Speaker: Łukasz Grabowski (Oxford)
Recently there was a considerable amount of interest in computing spectral properties of random walk operators (and more generally - group ring operators) on Cayley graphs of lamplighter-type groups. In all cases such computations require some non-trivial input from combinatorics. For example, Lehner and Wagner computed the kernel dimension of a random walk operator on the free lamplighter group by being able to explicitly write down the generating function for the size of the maximal matching in finite trees. In the talk I will explain how the relation between the spectrum of the random walk and combinatorics is usually established. After briefly surveying some of the success stories of this technique I'll focus on presenting two elementary combinatorial problems whose solutions would give some new information about random walk operators. One is related to the generating functions of languages in the complexity class LOGSPACE, and the other is related to coefficients of noncommutative rational functions whose coefficients are powers of a fixed prime number.
Speaker: Carl Yerger (Davidson)
An important result in the theory of graph coloring is Grotzsch's theorem, which states that every triangle-free planar graph is 3-colorable. A famous related question is due to Steinberg and states that any planar graph without 4- or 5-cycles is 3-colorable. There has been considerable recent interest in trying to prove this conjecture. In this talk, we will discuss some of the recent progress made towards proving Steinberg’s conjecture and discuss recent joint work with Ken-ichi Kawarabayashi that planar graphs with no 5-cycles, 6-cycles or intersecting triangles are 3-colorable. In addition, we discuss related senior thesis based on near-coloring with Davidson student Kyle Yang.

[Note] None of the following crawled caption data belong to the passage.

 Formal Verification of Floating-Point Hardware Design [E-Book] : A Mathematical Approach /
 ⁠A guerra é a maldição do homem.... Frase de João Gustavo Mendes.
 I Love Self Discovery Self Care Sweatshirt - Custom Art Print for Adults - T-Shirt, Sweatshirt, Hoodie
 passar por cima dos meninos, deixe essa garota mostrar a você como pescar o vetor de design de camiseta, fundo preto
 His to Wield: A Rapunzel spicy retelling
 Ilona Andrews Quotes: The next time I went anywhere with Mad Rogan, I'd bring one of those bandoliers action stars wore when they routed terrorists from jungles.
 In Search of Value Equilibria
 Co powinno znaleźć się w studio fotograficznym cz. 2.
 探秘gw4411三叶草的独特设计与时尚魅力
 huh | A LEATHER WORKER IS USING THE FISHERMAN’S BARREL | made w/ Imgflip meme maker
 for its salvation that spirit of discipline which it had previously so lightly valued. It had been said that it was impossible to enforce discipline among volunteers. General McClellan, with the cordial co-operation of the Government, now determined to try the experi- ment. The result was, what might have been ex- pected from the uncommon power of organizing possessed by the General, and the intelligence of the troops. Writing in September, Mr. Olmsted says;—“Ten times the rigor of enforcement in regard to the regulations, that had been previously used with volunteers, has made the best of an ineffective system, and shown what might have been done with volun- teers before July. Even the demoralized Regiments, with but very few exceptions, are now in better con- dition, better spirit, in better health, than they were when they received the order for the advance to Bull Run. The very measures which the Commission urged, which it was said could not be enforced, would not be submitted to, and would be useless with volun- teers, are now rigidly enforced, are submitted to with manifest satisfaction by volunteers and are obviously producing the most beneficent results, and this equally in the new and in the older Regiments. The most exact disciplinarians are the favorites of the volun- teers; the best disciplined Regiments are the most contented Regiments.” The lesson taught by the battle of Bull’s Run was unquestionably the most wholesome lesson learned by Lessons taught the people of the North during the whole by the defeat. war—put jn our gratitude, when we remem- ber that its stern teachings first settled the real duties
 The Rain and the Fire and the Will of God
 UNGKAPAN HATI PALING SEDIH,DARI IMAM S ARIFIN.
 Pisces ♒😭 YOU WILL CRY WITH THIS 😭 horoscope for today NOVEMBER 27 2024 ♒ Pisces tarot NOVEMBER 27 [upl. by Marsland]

Speaker: Juraj Stacho (Warwick)
The intersection graph of a collection of sets is defined as the graph whose vertices correspond to the sets in the collection where two vertices are adjacent if and only if the corresponding sets intersect. Many popular graph classes are characterised as intersection graphs of particular types of sets, e.g. interval graphs, circular-arc graphs, chordal graphs are the intersection graphs of intervals of the real line, arcs of a circle, and subtrees of a tree, respectively. Another useful way of characterising graph classes is by obstructions—minimal forbidden subgraphs/minors/induced subgraphs—substructures whose presence certifies non-membership in the class, e.g. cycles of length four and more are obstructions for chordal graphs, while cycles of length 4, 5, and so-called asteroidal triples are obstructions for interval graphs. For circular-arc graphs, only a partial list of obstructions is known and finding a complete characterisation is a notoriously challenging open problem dating back to as far as the 1970's. In this talk, we present a new type of obstructions to circular-arc graphs and show how it characterises certain subclasses of circular-arc graphs. Joint work with Pavol Hell (SFU) and Mathew Francis (IMSc).